Calendrier de la taxonomie « verte »

• Mars 2018 : Lancement par la Commission européenne d'un plan d'action pour une finance durable

• Mai 2018 : Proposition de réglementation pour la création d'un cadre facilitant l'investissement durable

• Mars 2020 : Publication du rapport demandé par la Commission européenne auprès du groupe d'experts de haut niveau de la finance durable

• Juin 2020 : Adoption par le Parlement européen et le Conseil d'un règlement définissant la taxonomie

• Juin 2021 : Adoption du premier acte délégué de la Commission européenne sur le volet climatique (atténuation et adaptation)

• Avant la fin 2021 : Publication annoncée par la Commission européenne de l'acte délégué complémentaire sur le volet climatique (atténuation et adaptation)

• 1 er janvier 2022 : Entrée en vigueur partielle de la taxonomie

• 2022 : Publication par la Commission européenne du deuxième acte délégué sur les quatre autres objectifs environnementaux

• Fin 2022 : Application totale de la taxonomie


* 10 Communication du 21 avril 2021 intitulée « Taxonomie de l'Union européenne, rapports sur le développement durable des entreprises, préférences en matière de développement durable et obligations fiduciaires : orienter les financements vers le programme vert pour l'Europe ».

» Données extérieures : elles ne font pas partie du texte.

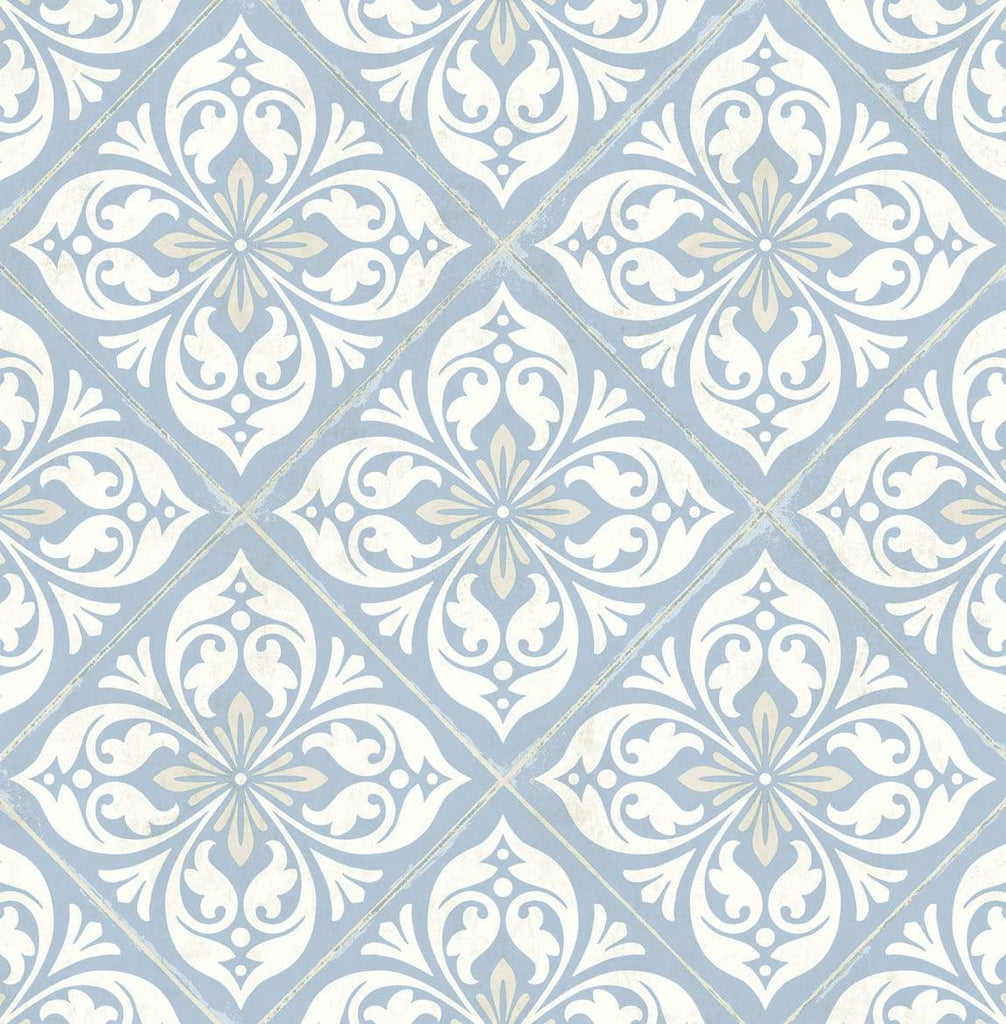 Seabrook Plumosa Tile Blue Wallpaper
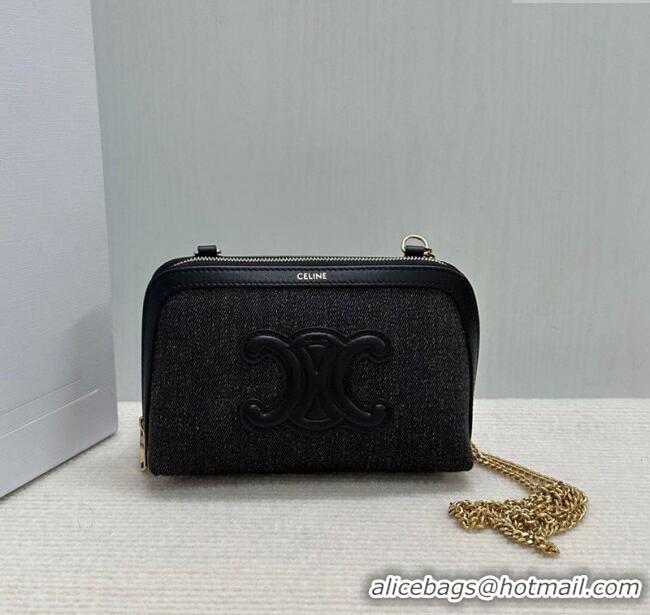 Promotional Celine Clutch On Chain Mini Bag in Triomphe Denim and Lambskin 10E382 Black 2025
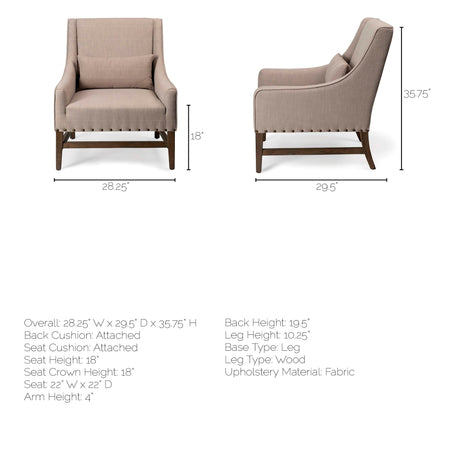 Kensington Beige Linen Fabric and Wood Accent Chair from Mercana - Luna Furniture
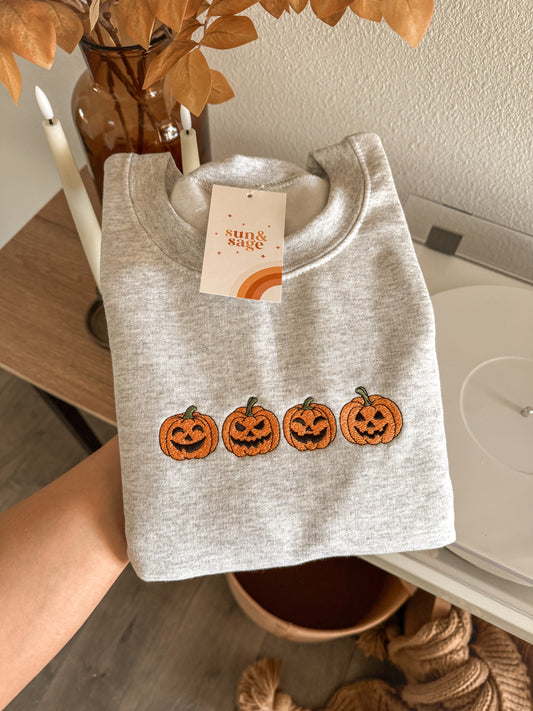 Embroidered Jack-O-Lanterns Crewneck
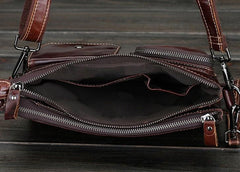 Cool Small Coffee Leather Mens Messenger Bag Shoulder Bag for Men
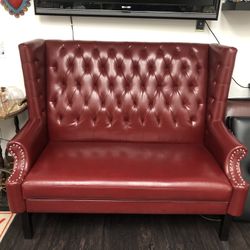 Tufted Leather Love Seat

* 11 Le Comité scientifique des risques sanitaires, environnementaux et émergents (CSRSEE) et le groupe d'experts de l'article 31 du traité Euratom.

* 12 Règlement délégué .../... de la Commission complétant le règlement (UE) 2020/852 du Parlement européen et du Conseil en établissant les critères d'examen technique permettant de déterminer les conditions dans lesquelles une activité économique peut être considérée comme contribuant de manière substantielle à l'atténuation du changement climatique ou à l'adaptation au changement climatique et de déterminer si cette activité économique ne cause pas de préjudice significatif à l'un des autres objectifs environnementaux - COM - C(2021)02800.

* 13 Rapport du Centre commun de recherche de mars 2021 intitulé : « Technical assessment of nuclear energy with respect to the `do no significant harm' criteria of Regulation (EU) 2020/852 (`Taxonomy Regulation') ».

* 14 Rapport et son annexe du Groupe d'experts techniques (TEG) sur la finance durable de mars 2020 intitulés « Taxonomy report: technical report » et « Taxonomy report: technical annex ».